### TASK TO CARRY OUT
Note on the material below: return exactly the lines from the line that holds "Toyota Fortuner 2.7 л 2026 г. Серебристый" through the line that holds "KEF Q300 [ヨーロピアンウォールナット ペア]", and leave out each picture.

### INPUT

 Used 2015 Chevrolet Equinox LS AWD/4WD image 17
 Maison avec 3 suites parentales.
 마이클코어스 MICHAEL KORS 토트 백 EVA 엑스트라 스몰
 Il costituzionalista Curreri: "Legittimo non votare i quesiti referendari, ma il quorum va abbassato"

--

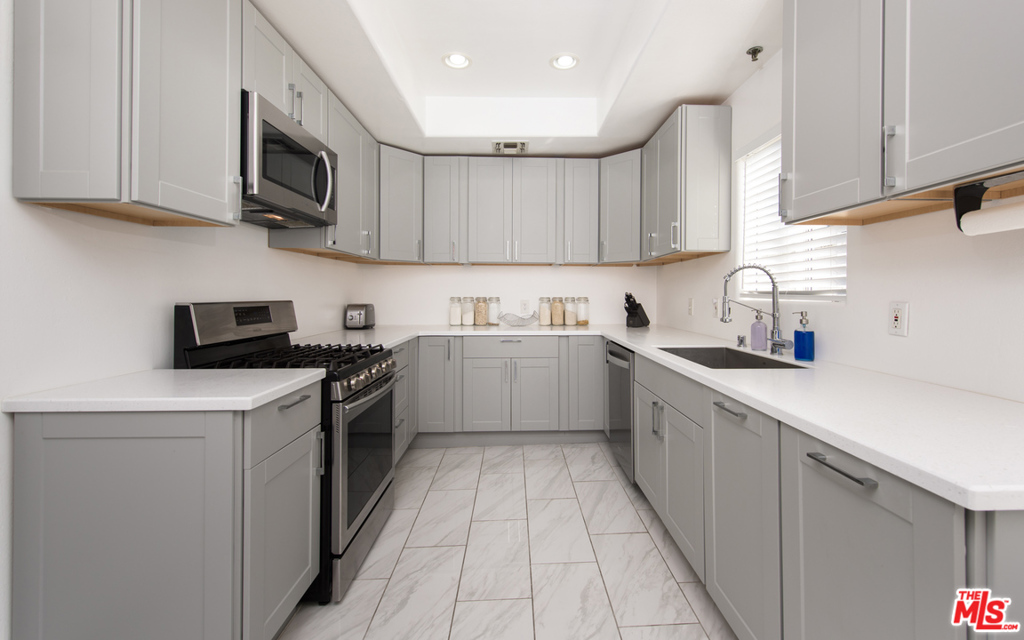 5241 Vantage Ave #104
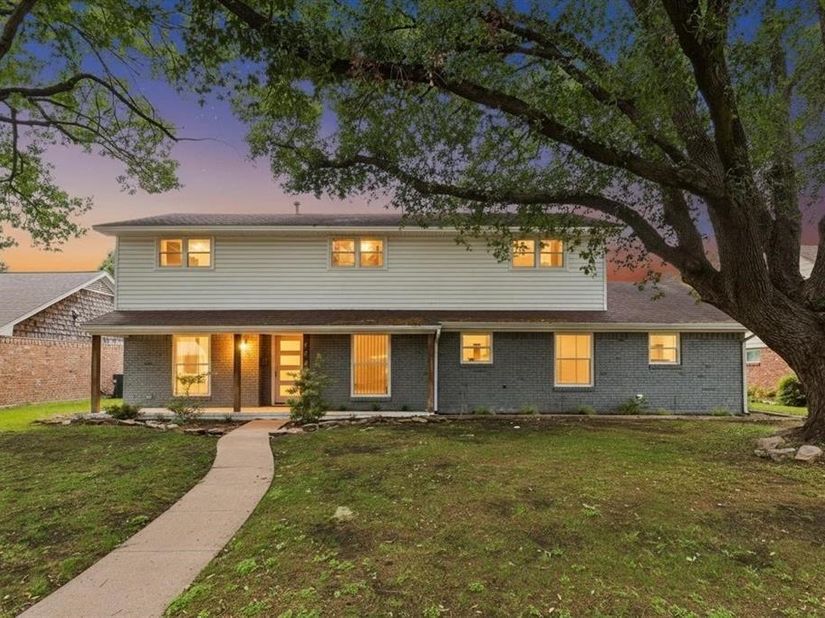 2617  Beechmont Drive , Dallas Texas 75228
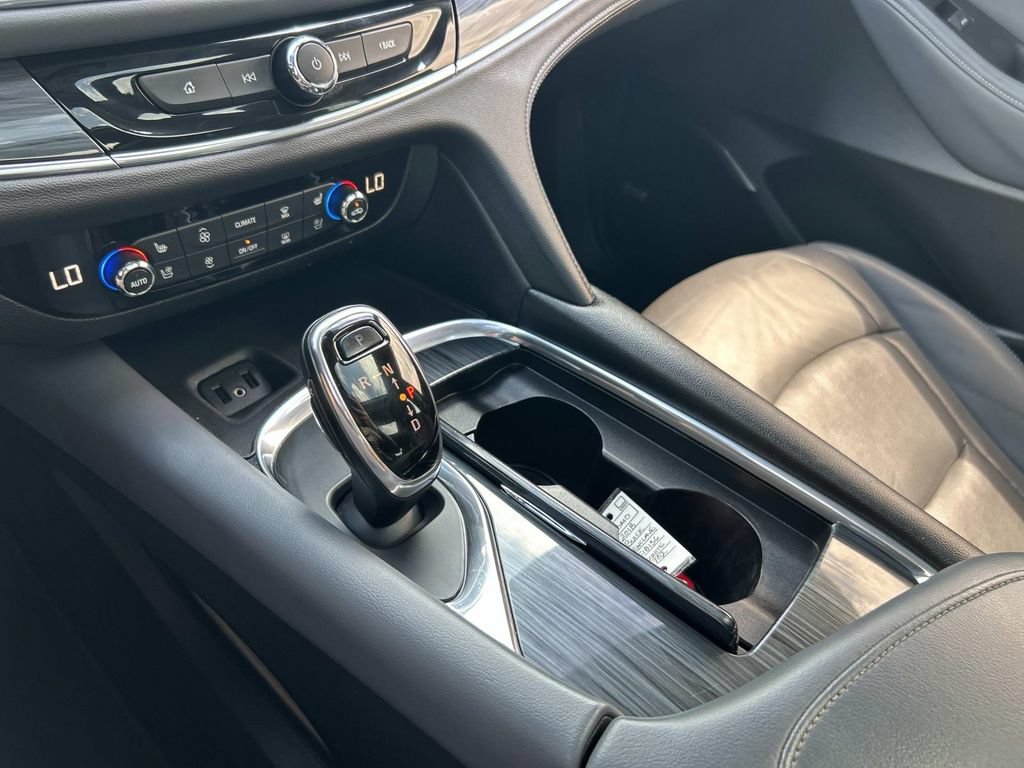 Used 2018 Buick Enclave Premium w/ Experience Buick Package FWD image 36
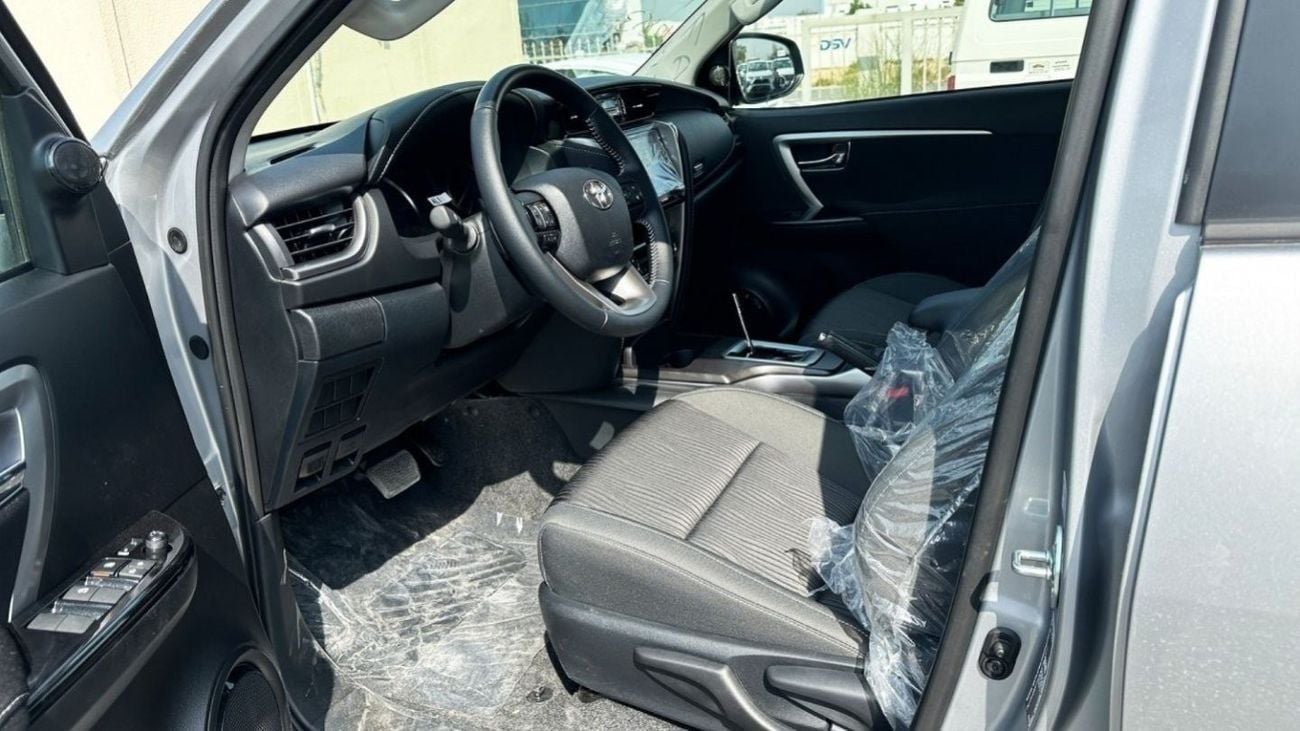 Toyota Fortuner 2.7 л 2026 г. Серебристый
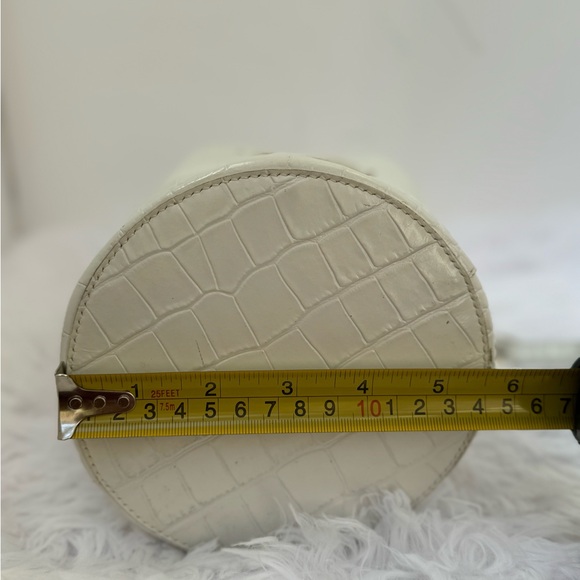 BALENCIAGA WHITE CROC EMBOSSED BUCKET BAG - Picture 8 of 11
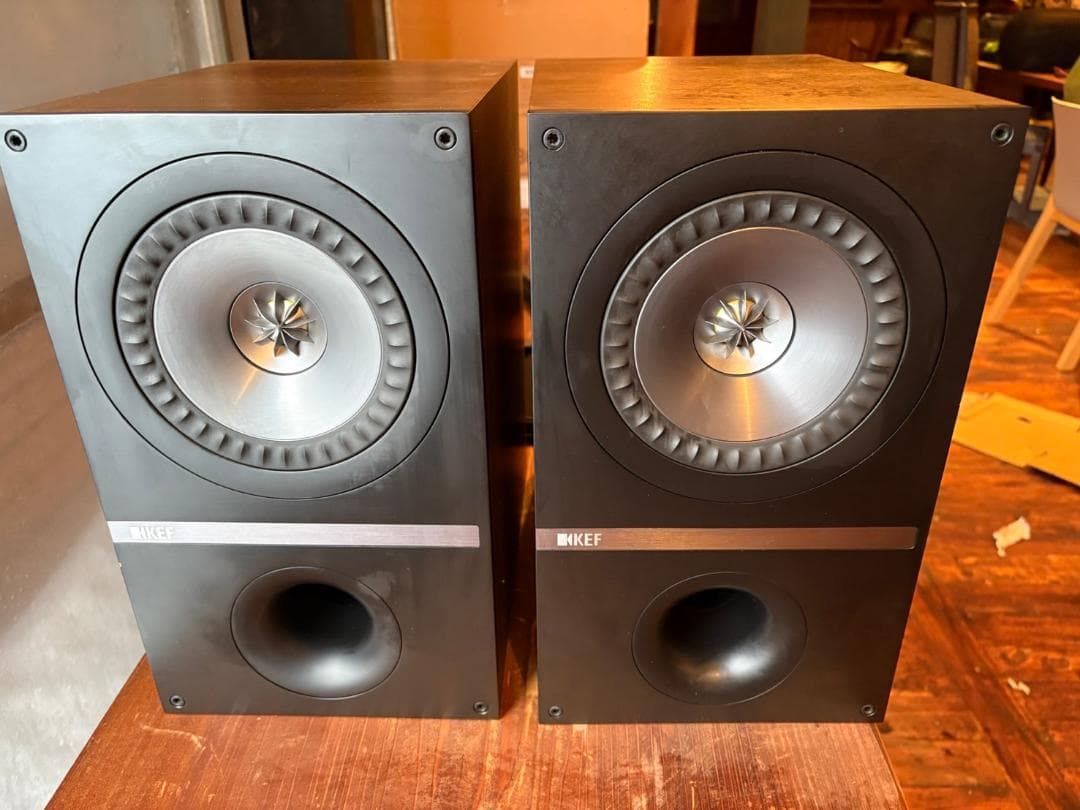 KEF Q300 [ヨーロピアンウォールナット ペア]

### RESULT
 Toyota Fortuner 2.7 л 2026 г. Серебристый
 BALENCIAGA WHITE CROC EMBOSSED BUCKET BAG - Picture 8 of 11
 KEF Q300 [ヨーロピアンウォールナット ペア]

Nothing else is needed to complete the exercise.